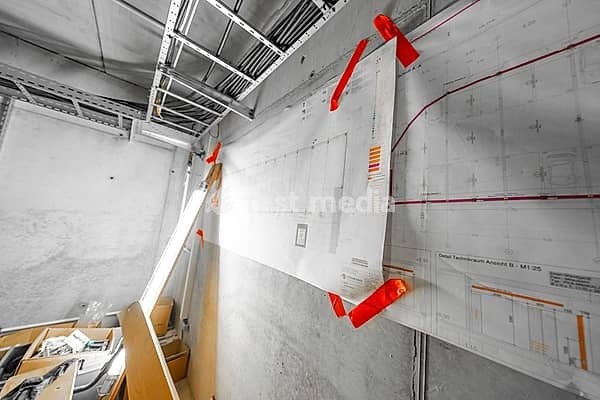 Construction drawings hang on a concrete wall, secured with red adhesive tape, parking garage construction, Calw, Germany
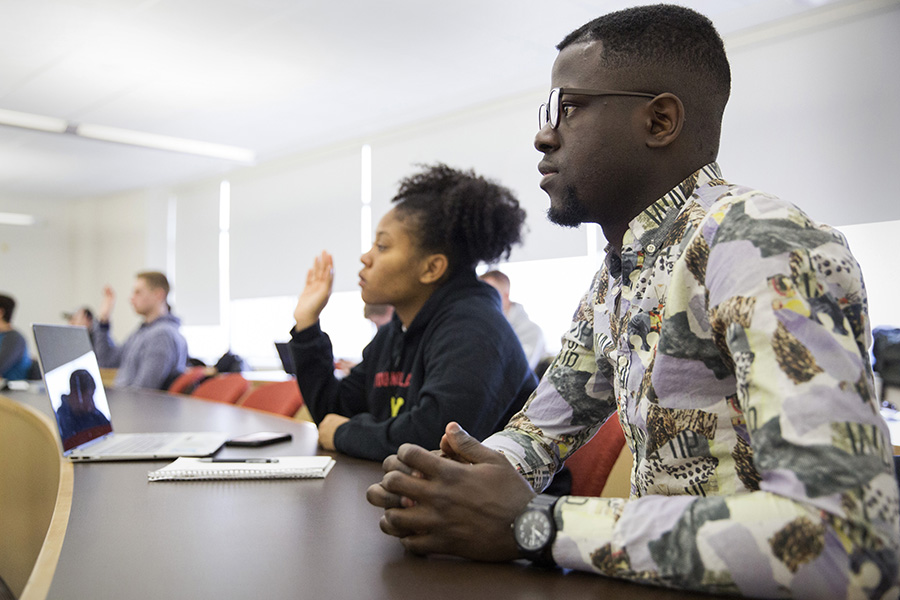 Students sit in a classroom and one student is raising their hand.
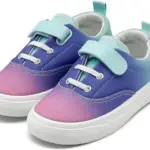 The 2025 New Solid Anti-slip Buckle Canvas Shoes are breathable, comfortable running sports flats for kids—ideal for OEM/ODM orders seeking quality children's loafers.
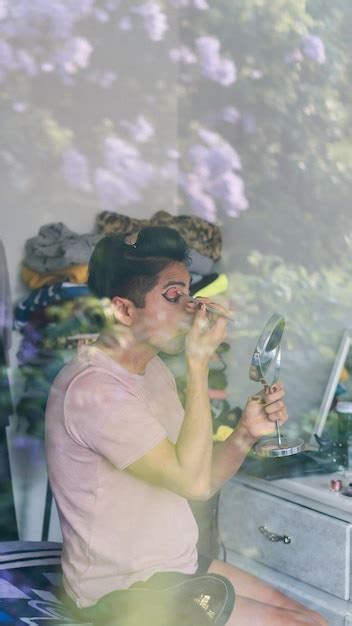 Premium Photo Gay Person Applying Makeup Using A Mirror And Eyeliner Sitting On A Bed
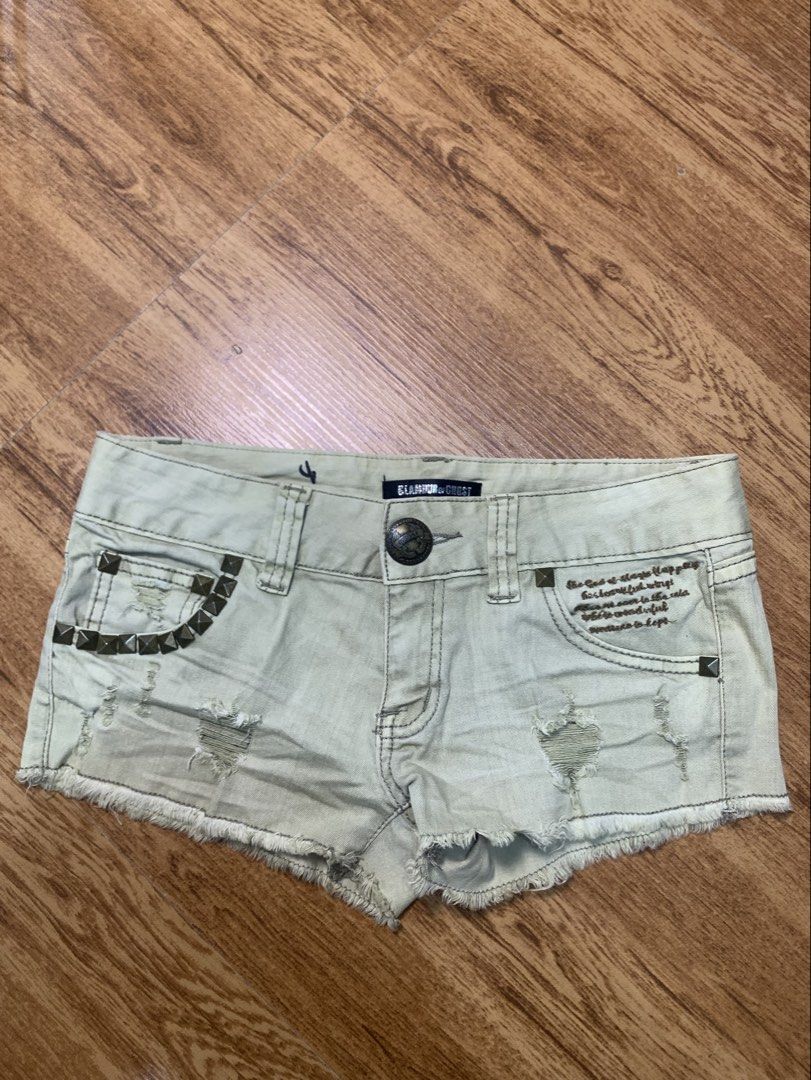 GLAMOUR de GHOST Studded Ripped Denim Shorts (Category: Shorts) located in Davao. Submitted by legitseller1111 (Listing ID 1463783772, Image 1). Description: - Light wash denim shorts -Size 28-29 - Distressed rips for a edgy look - Studded detailing on front and back pockets - Unique 'GHOST' wing graphic on the back - Frayed hemline - Button and zip fly closure .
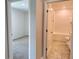Hallway showcasing access to a bedroom with carpet and a bathroom with a shower-tub combo at 3638 Sw 127Th Lane Rd, Ocala, FL 34473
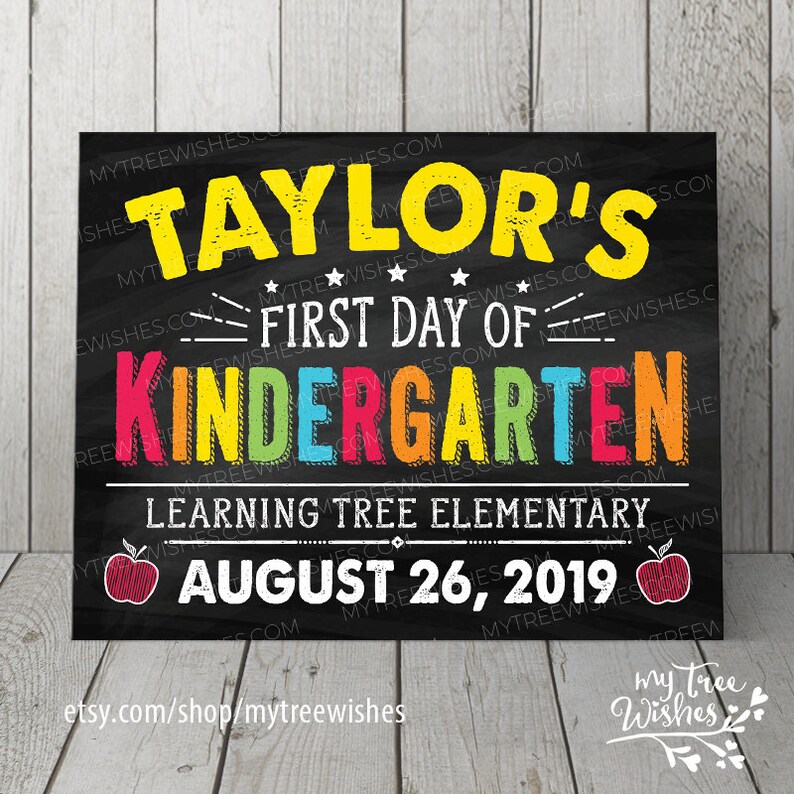 May include: A chalkboard-style sign with the text "Taylor's First Day of Kindergarten" in yellow, red, orange, green, and blue. It includes the school name, date, and apple illustrations. The sign is on a wooden surface.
# # #
▶ TASK DIRECTIONS
Give again exactly the lines running from the beginning of the material above through the line that contains "Premium Photo Gay", and leave out every picture.

▶ EXERCISE RESPONSE
 Construction drawings hang on a concrete wall, secured with red adhesive tape, parking garage construction, Calw, Germany
 Students sit in a classroom and one student is raising their hand.
 The 2025 New Solid Anti-slip Buckle Canvas Shoes are breathable, comfortable running sports flats for kids—ideal for OEM/ODM orders seeking quality children's loafers.
 Premium Photo Gay Person Applying Makeup Using A Mirror And Eyeliner Sitting On A Bed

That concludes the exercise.